JORGE: Para começar, perca peso, e reavalie o seu guarda-fatos, começando por jogar fora essas roupas tipo "la  putana". Decida bem o que quer, porque a senhorita é um somatório de equívocos emocionais à mistura com algumas derrapagens hormonais.
PADRE JESUALDO: A menina Maria já está desesperada o suficiente, por isso pensa duas vezes antes de accionares a boca.

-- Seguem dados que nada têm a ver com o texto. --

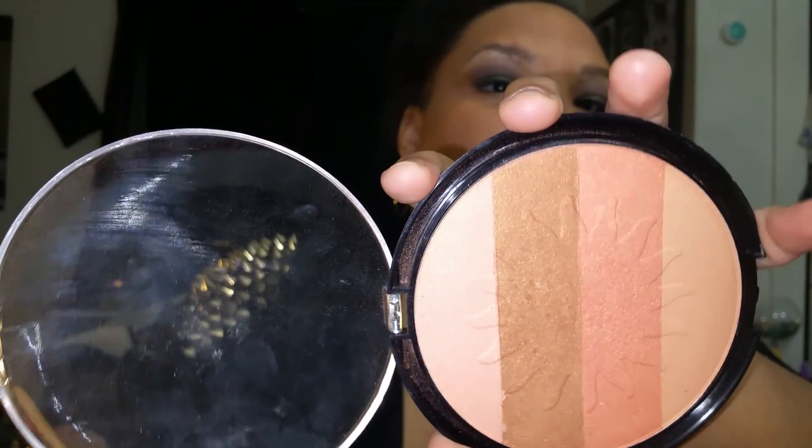For bronze and blush to contour my face, I'm using this palette I got from Ross — it's called Giordana Colors. I love it. It was only $2.50 and it's amazing. I use it for contour and for blush, and sometimes I mix the top color and the bottom color together. It is amazing. So I'm going to apply this and I'll be back.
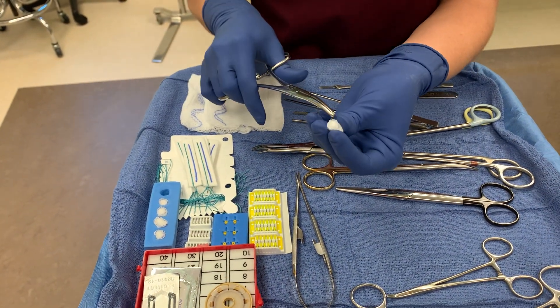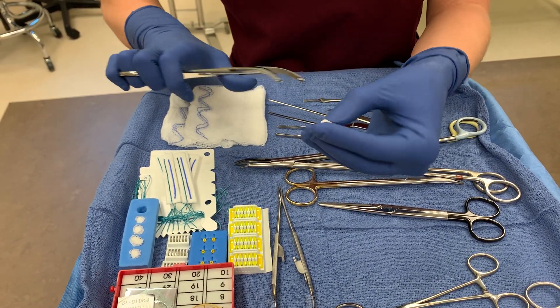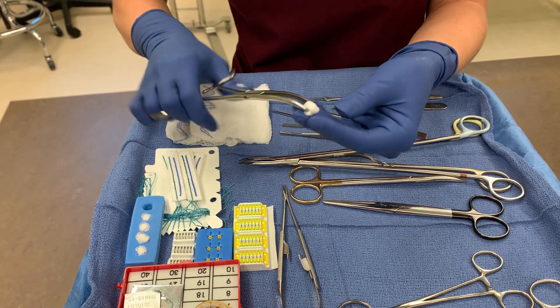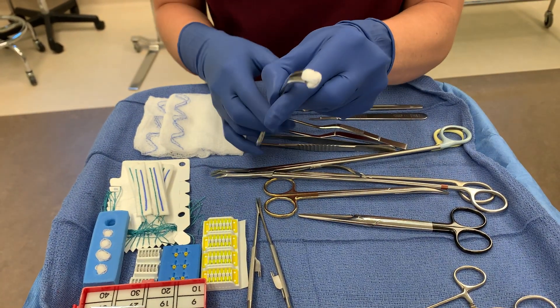This one doesn't have a dot. Sometimes they'll have a dot on them, and if that's the case, you want to line the tooth up with that dot. This one, since it just has a marker all the way around, I'm just going to go on either side. You want to go on either side of this and ratchet the Ochsner, and now it is a Kittener.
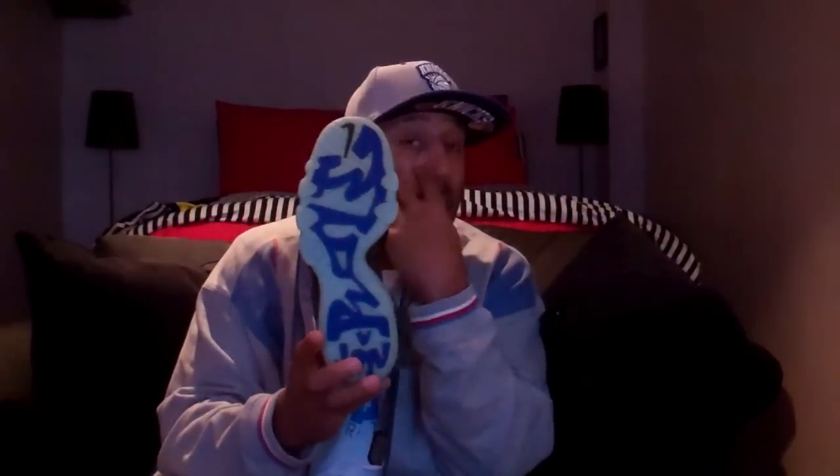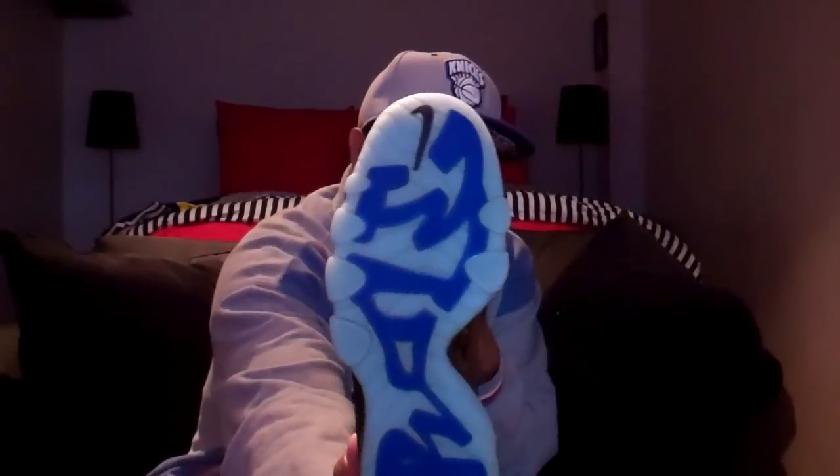Like I told y'all before with the red and blacks, the bottom glows at night. So that's pretty dope. You can see the official Nike Swoosh right there on the bottom.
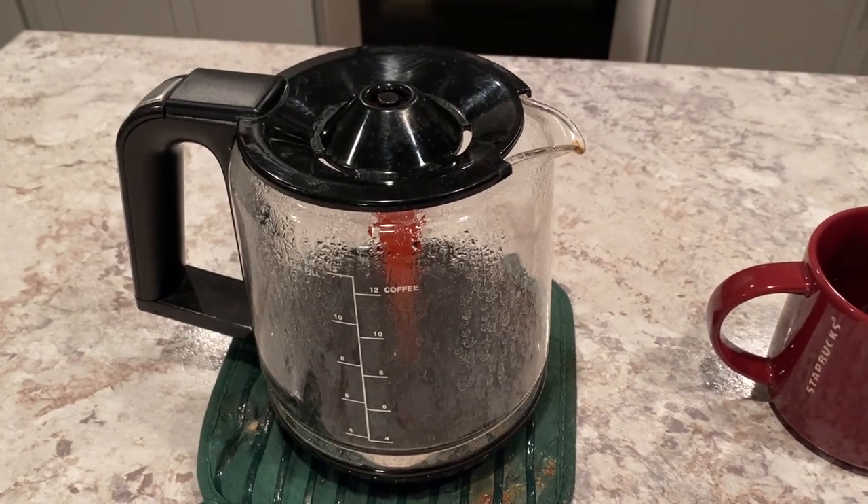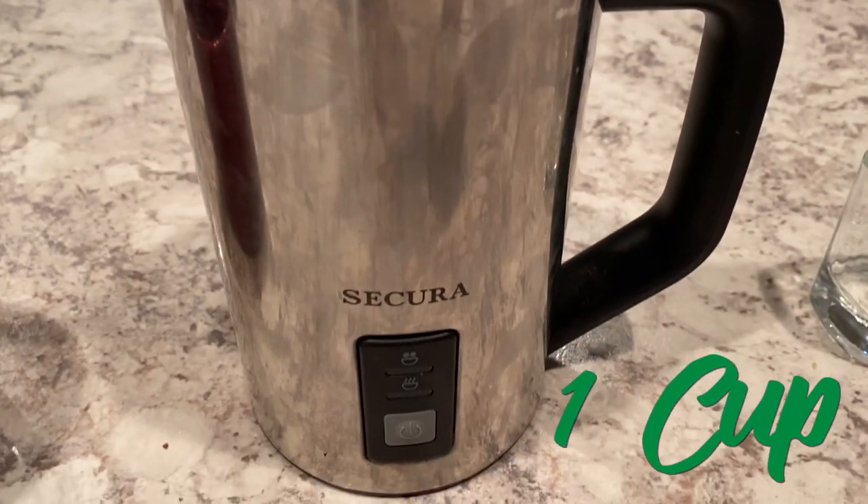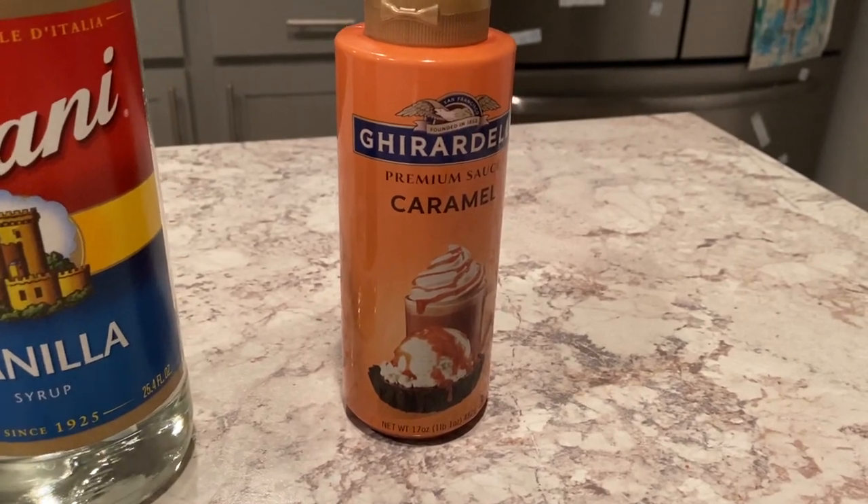For this drink, here's what we need: I brewed double-strength coffee in my regular coffee brewer — the type of bean doesn't really matter, but if you want to get as close as possible, you can use an espresso roast, really dark and smoky. You're also going to need your mug, a milk frother to get hot steamed milk with foam, two regular shot glasses, a bottle of vanilla syrup, and caramel sauce. I like this Ghirardelli caramel sauce — it's really thick and tastes great, so that's my personal favorite for this drink.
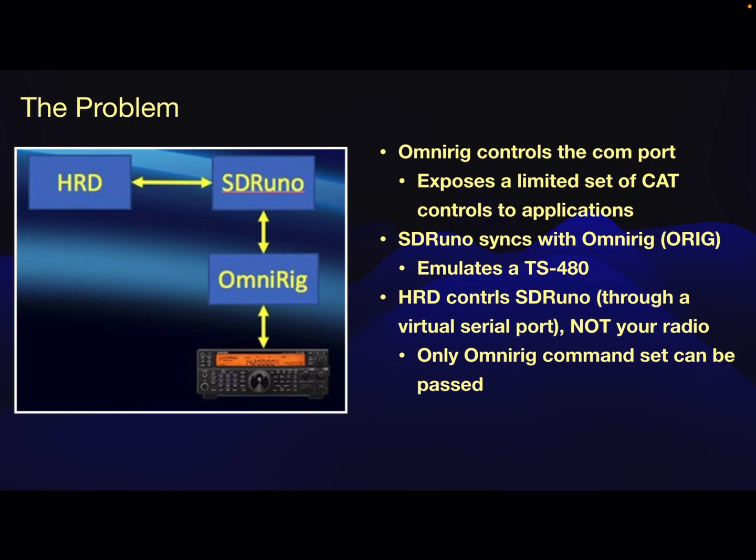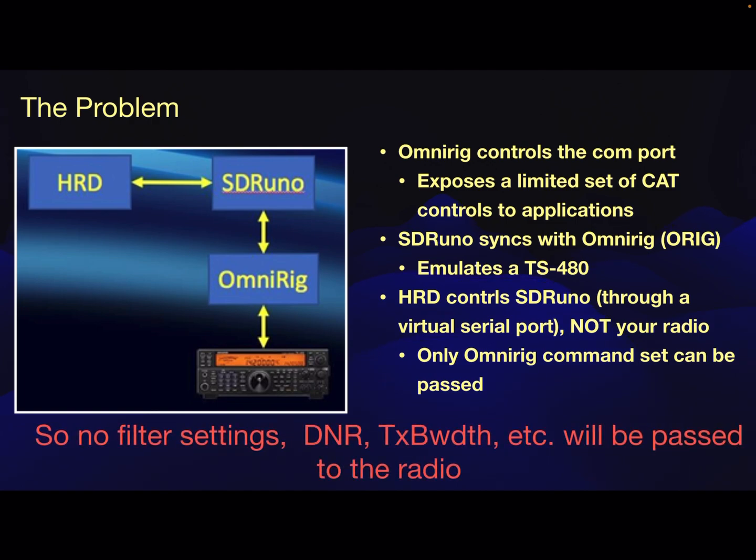The only problem with that approach is that with OmniRig connected to the radio, it only exposes a limited set of CAT controls to the application. That's fine when you just want to tune frequencies and change modes — there's really good integration with SDR Uno and OmniRig for that. But the problem occurs when you have an application like Ham Radio Deluxe that has more enhanced CAT control commands relaying through SDR Uno, and SDR Uno doesn't have the understanding of what those CAT controls are, and neither does OmniRig. So you don't get any advanced filter settings, digital noise reduction, or changing transmit bandwidth — all the things buried deep in my Yaesu menu system that I want access to.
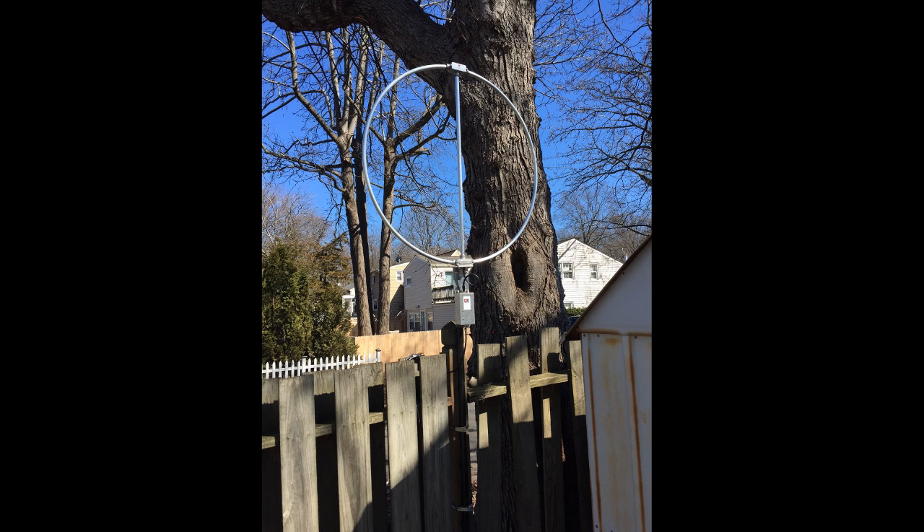It is a receive-only antenna, but it is pretty tiny. As you can see in the picture, it's posted out back. Not in the most ideal position — basically a compromise of where I could fit this thing while keeping it away from as many of my transmitting antennas as possible, and not so much that it's an eyesore for neighbors and the XYL. The positioning's not great; it's located right next to a metal shack.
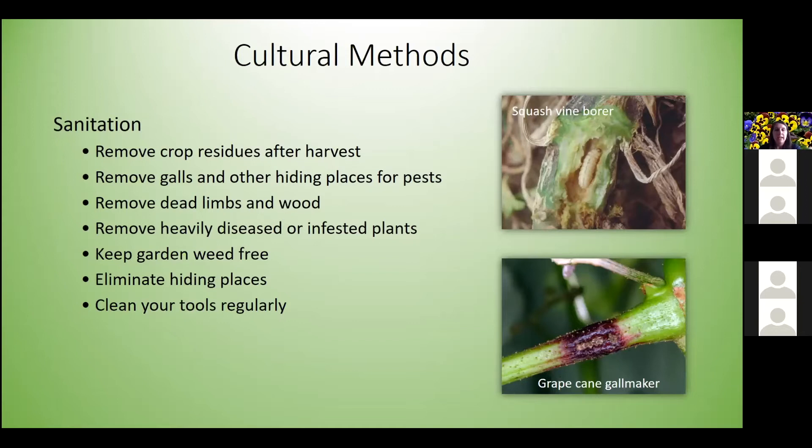Sanitation practices help with both disease and insects. Remove any crop residue after harvest, remove galls and other hiding places where pests overwinter, and remove dead limbs or wood from fruiting plants. Remove heavily diseased or infested plants — sometimes it's best just to pull them out. Keep your garden weed free to eliminate hiding places, since weeds serve as host plants for many insects. Also clean your tools regularly.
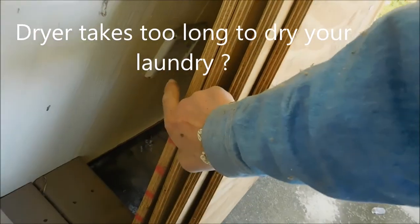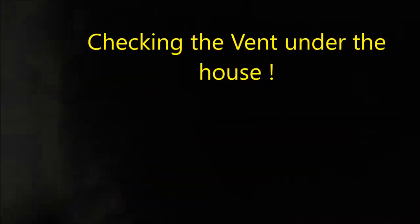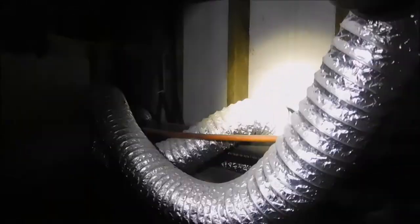You've got stuff in front of your van that's going to cause you problems. I have no idea why they made this thing so long. It's got an extra 15 or 20 feet just sitting here, sagging down and around here. I'm going to just take this off and clean it out. This kind of thing will cause long dry times.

JORGE: Como ninguém está livre de vir a ser um estrangeiro algures, é primordial que mude de comportamento. Por exemplo o seu departamento é altamente sensível, razão mais que suficiente para o trato com terceiros (estrangeiros) ser prazeroso. Nunca trate os estrangeiros como se fossem um estorvo. Faça uma catarse dos seus maus humores, pela simples observação da predisposição que os emigrantes adoptam para se submeterem a humilhações de toda a sorte. Se tiver que negar um visto ou uma residência, porque a lei assim o determina, faça-o, mas assumindo uma postura de compaixão sempre acompanhada de um sorriso apropriado. Assim, o emigrante entenderá melhor a sua atitude.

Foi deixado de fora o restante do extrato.